The Sum Rule
Suppose that A and B are two disjoint events, that is, they never occur together. Further, suppose that A occurs in m ways and B occurs in n ways. Then A or B can occur in m + n ways. This rule can be extended to more than two mutually exclusive events. Suppose you have 5 full-sleeves and 7 half-sleeves shirts. In how many ways can you wear a shirt? Since you have 5 + 7 = 12 shirts and you are going to wear exactly one shirt, you can wear a shirt in 5 + 7 = 12 ways. If in addition to 5 full-sleeves and 7 half-sleeves shirts, you have 8 T-shirts, then the number of ways in which you can wear a shirt out of these is 5 + 7 + 8 = 20 ways. The above illustration explains a general principle, called the sum rule.

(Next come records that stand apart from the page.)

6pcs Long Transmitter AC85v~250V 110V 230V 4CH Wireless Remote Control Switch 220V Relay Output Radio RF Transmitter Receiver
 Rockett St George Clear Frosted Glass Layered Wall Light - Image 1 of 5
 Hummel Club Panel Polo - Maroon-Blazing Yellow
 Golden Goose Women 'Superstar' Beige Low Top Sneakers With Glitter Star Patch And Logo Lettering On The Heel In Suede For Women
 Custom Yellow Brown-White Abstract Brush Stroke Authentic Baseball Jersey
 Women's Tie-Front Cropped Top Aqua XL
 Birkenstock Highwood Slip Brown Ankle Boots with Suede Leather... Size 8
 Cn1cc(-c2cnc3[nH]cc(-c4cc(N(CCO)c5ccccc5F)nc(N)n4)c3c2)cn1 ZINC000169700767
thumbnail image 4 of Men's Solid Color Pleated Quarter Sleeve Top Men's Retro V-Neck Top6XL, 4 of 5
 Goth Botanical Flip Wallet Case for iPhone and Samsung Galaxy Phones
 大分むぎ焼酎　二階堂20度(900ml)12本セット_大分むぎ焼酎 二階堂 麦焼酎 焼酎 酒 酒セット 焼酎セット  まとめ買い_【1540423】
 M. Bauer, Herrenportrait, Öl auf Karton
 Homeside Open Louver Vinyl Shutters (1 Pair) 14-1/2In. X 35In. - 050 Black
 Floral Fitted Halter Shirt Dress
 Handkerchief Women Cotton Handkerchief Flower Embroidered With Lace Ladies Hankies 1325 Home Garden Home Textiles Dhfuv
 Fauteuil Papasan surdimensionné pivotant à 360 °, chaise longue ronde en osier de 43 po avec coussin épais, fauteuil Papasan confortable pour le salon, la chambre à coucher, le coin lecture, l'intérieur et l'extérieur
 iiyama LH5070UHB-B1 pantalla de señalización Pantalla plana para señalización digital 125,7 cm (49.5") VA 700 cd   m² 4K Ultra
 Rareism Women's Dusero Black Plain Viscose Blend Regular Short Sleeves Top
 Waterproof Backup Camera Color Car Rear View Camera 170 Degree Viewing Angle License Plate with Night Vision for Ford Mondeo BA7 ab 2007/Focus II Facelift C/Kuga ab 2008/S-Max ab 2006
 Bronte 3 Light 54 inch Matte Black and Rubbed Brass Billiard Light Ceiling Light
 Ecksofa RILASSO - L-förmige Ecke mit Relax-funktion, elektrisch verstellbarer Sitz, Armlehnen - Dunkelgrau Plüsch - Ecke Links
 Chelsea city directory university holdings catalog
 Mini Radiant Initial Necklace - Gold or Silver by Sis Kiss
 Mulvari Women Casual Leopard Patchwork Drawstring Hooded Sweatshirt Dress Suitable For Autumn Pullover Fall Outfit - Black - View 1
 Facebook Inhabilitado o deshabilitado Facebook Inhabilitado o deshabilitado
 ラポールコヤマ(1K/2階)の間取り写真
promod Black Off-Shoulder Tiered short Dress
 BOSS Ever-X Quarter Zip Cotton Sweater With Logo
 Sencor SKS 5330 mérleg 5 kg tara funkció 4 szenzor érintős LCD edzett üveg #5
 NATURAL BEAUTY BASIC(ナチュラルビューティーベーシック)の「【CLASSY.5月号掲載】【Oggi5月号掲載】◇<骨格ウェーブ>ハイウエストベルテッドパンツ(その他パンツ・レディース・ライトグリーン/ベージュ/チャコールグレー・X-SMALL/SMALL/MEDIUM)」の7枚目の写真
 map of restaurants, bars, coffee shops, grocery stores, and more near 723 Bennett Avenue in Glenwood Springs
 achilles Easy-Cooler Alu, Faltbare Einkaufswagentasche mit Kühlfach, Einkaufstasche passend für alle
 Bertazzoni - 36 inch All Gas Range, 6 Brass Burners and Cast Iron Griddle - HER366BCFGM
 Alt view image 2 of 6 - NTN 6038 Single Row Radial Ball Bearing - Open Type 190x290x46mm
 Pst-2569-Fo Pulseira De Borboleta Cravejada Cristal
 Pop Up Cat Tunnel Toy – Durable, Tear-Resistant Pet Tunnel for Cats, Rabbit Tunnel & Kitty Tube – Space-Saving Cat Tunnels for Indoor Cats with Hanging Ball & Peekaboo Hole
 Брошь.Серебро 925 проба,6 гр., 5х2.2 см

Rachit is taken to a toy shop containing 8 distinct toy helicopters, 7 distinct aeroplanes and 20 distinct toy guns. If Rachit is allowed to choose exactly one of the toys in the shop, he will have to choose one toy out of 8 + 7 + 20 = 35 toys. That is, there are 8 + 7 + 20 =35 ways in which Rachit can choose a toy. The important things to remember is that if we have to choose exactly one object out of the several disjoint groups of object, then the number of ways of choosing that object is obtained by adding the number of objects in each of this distinct groups.